*What you are asked to do:* Copy the data below exactly, but not the pictures it contains.

*Material provided:*
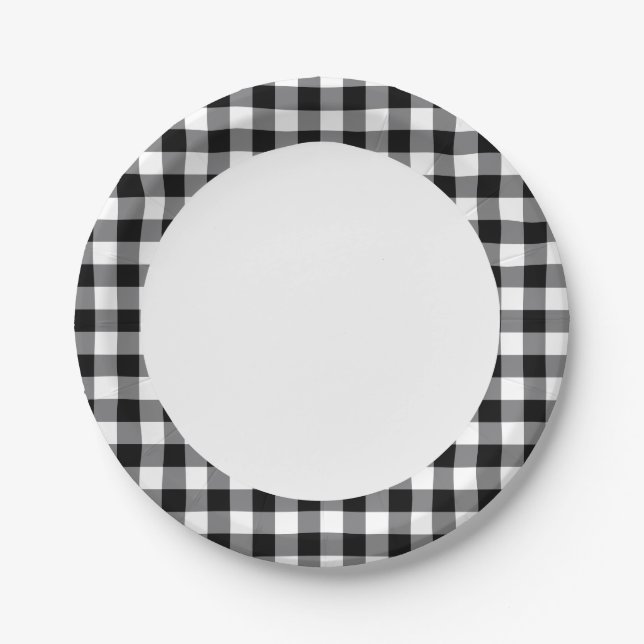 Schwarz-Weiß-Gingham Pappteller (Vorderseite)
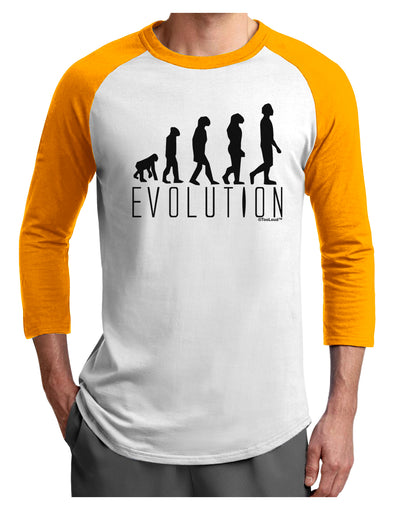 Evolution of Man Adult Raglan Shirt by TooLoud-TooLoud-White-Gold-X-Small-Davson Sales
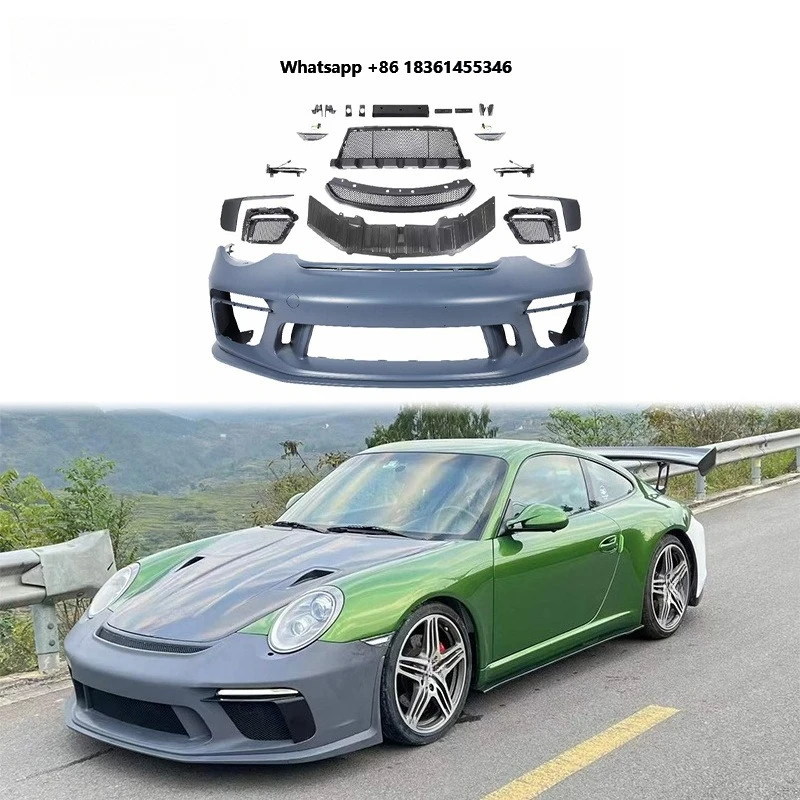 For 997 Upgrade To 991.2 Style Front Bumper Facelift PP Material H High Quality Premium Car Accessories Tuning Body Kit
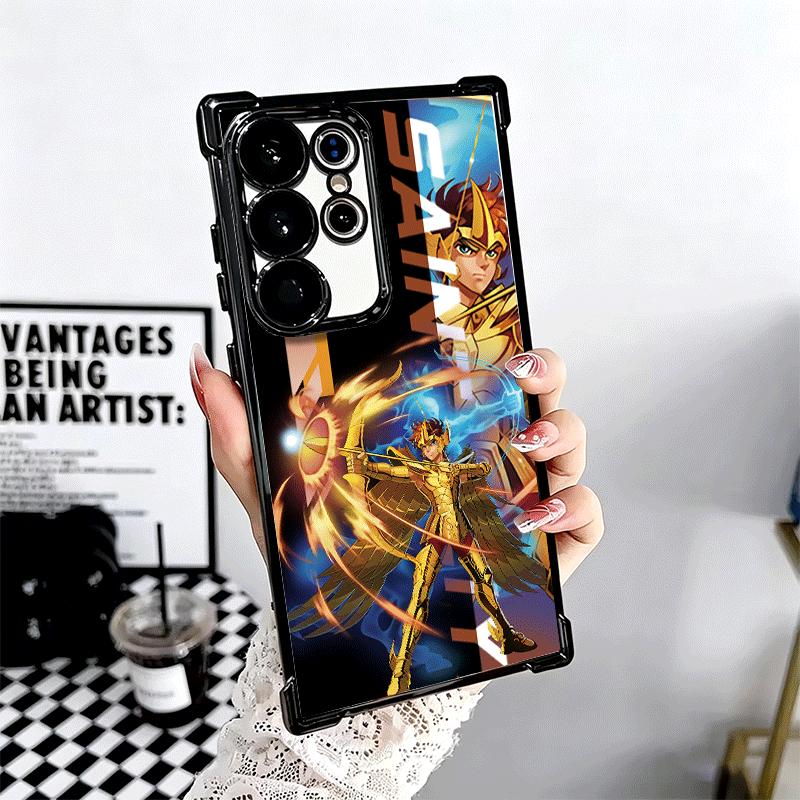 Anime S-Saint S-Seiya Plating Phone Case For Samsung Galaxy S24 S25 FE S26 Edge S23 Ultra S22 S21 Plus S20 Anti-Fall Airabag Cov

*Completed exercise:*
 Schwarz-Weiß-Gingham Pappteller (Vorderseite)
 Evolution of Man Adult Raglan Shirt by TooLoud-TooLoud-White-Gold-X-Small-Davson Sales
 For 997 Upgrade To 991.2 Style Front Bumper Facelift PP Material H High Quality Premium Car Accessories Tuning Body Kit
 Anime S-Saint S-Seiya Plating Phone Case For Samsung Galaxy S24 S25 FE S26 Edge S23 Ultra S22 S21 Plus S20 Anti-Fall Airabag Cov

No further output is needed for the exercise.